GIVEN DATA START
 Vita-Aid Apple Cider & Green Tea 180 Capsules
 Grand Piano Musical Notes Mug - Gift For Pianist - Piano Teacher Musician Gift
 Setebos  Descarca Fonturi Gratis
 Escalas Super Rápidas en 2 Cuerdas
GIVEN DATA END
GIVEN DATA START
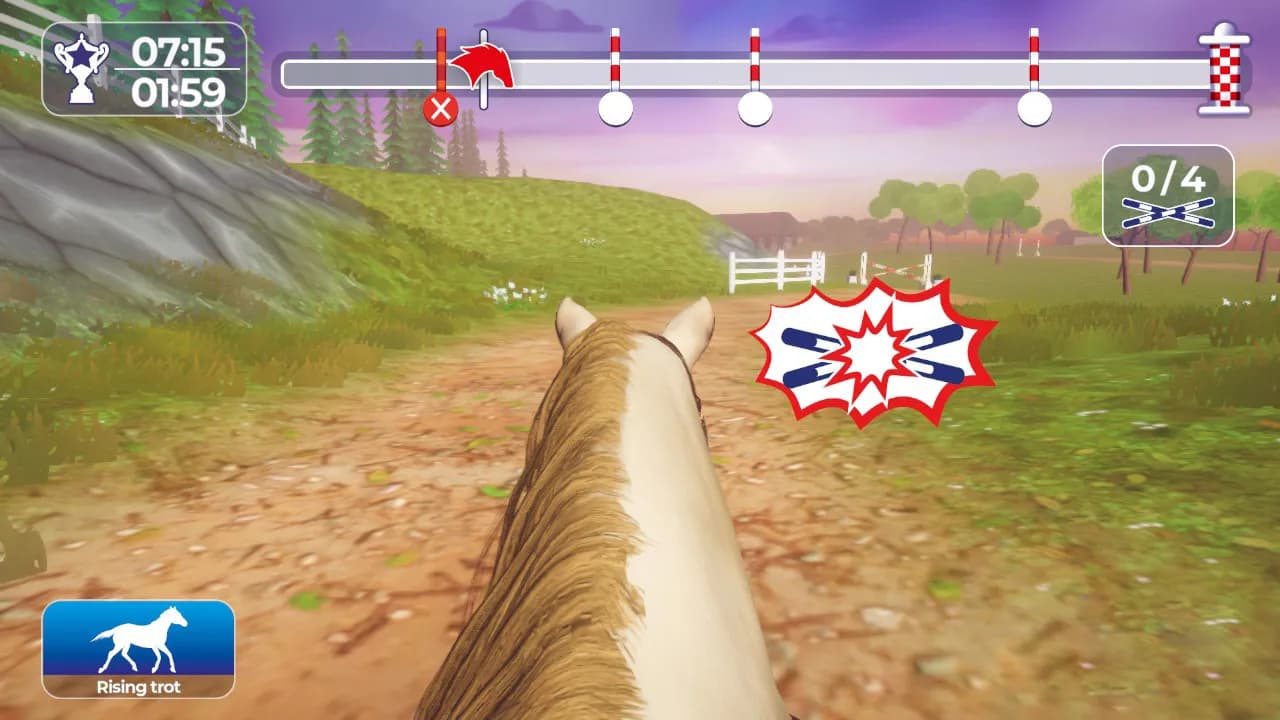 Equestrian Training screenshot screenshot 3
GIVEN DATA END
GIVEN DATA START
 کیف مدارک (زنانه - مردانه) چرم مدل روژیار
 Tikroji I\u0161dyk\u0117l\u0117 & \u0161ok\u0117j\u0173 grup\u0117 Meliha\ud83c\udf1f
GIVEN DATA END
## WORK REQUIRED:
Retype exactly the lines above, from the one with "Vita-Aid Apple Cider" through the one with "Escalas Super Rápidas en 2 Cuerdas", inclusive.

## RESULT FOR THIS EXERCISE:
 Vita-Aid Apple Cider & Green Tea 180 Capsules
 Grand Piano Musical Notes Mug - Gift For Pianist - Piano Teacher Musician Gift
 Setebos  Descarca Fonturi Gratis
 Escalas Super Rápidas en 2 Cuerdas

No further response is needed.